(Exercise brief): It would help if you retyped the data exactly, leaving out the pictures.

(Exercise data):
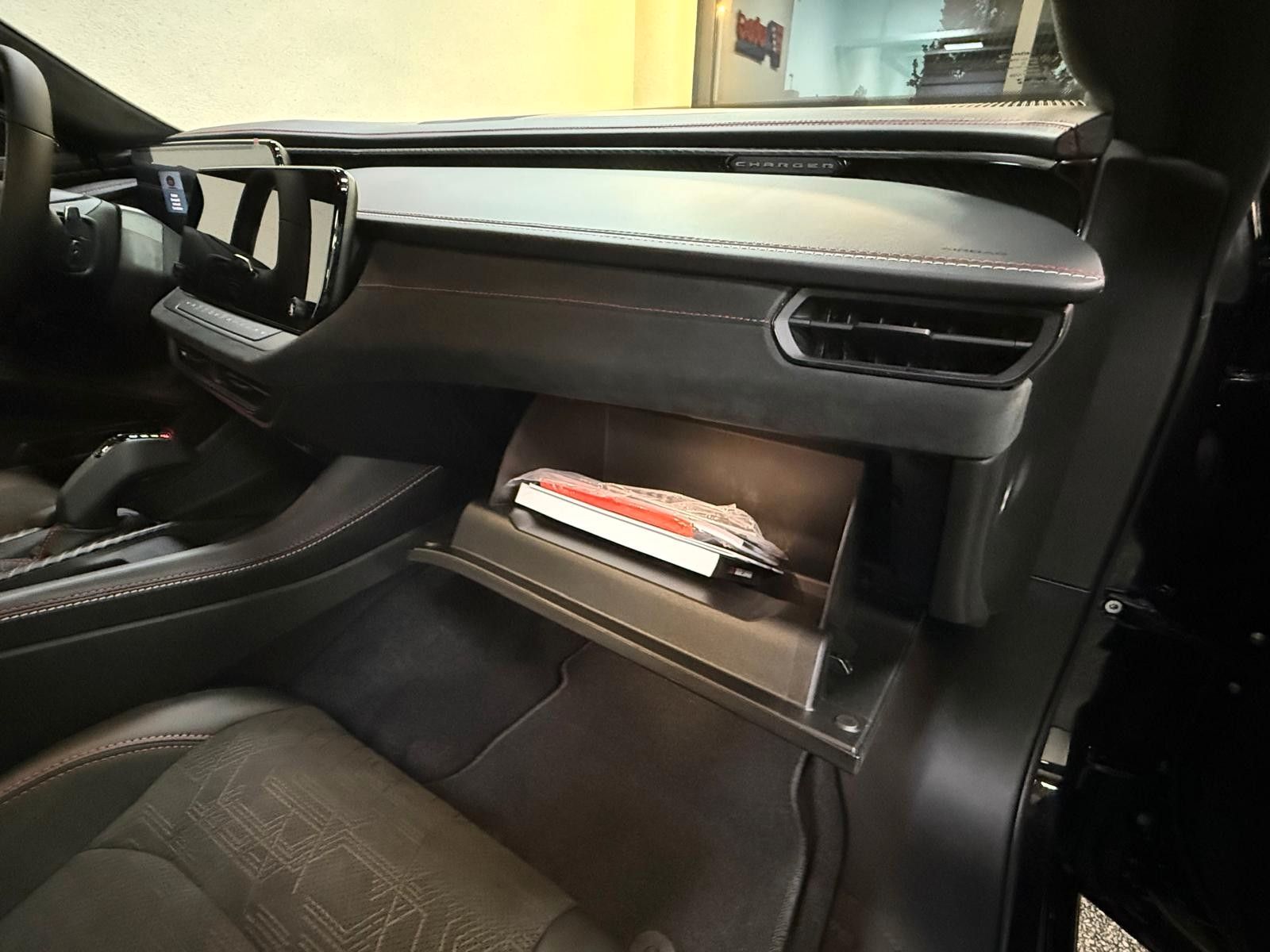 Fahrzeugabbildung Dodge CHARGER 4DR -LAUNCH EDITION-SIXPACK-CARBON-AWD
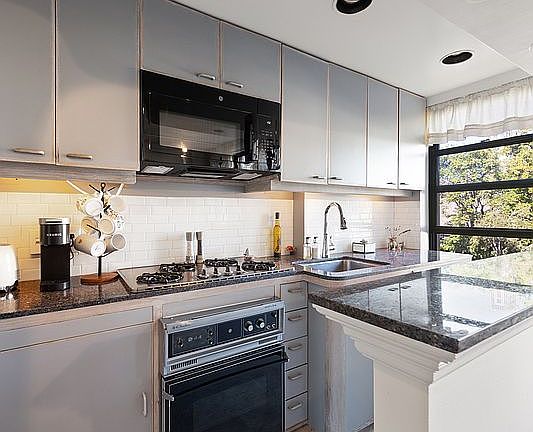 4th image of 152 E 94th St APT 8D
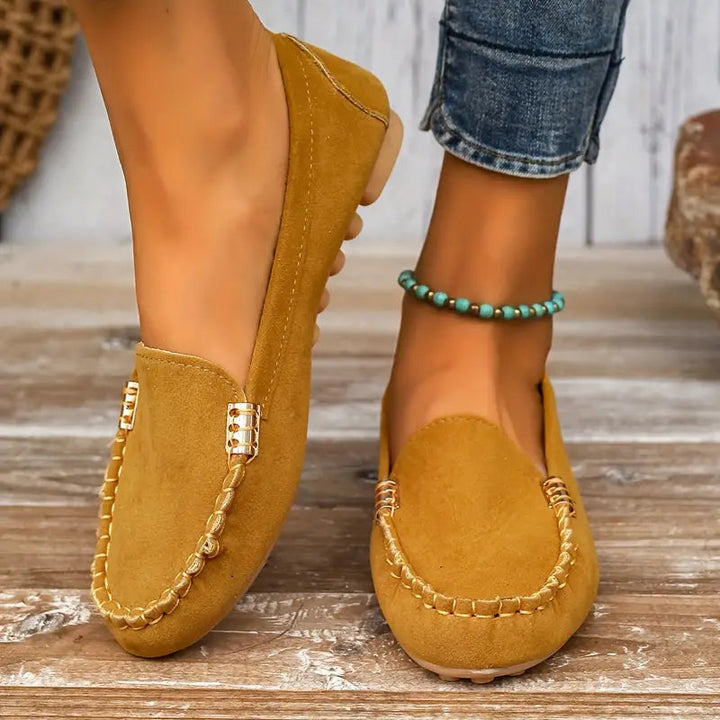 Daisy - Women's Relaxed Comfort Loafers with Stitched Detail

(Output):
 Fahrzeugabbildung Dodge CHARGER 4DR -LAUNCH EDITION-SIXPACK-CARBON-AWD
 4th image of 152 E 94th St APT 8D
 Daisy - Women's Relaxed Comfort Loafers with Stitched Detail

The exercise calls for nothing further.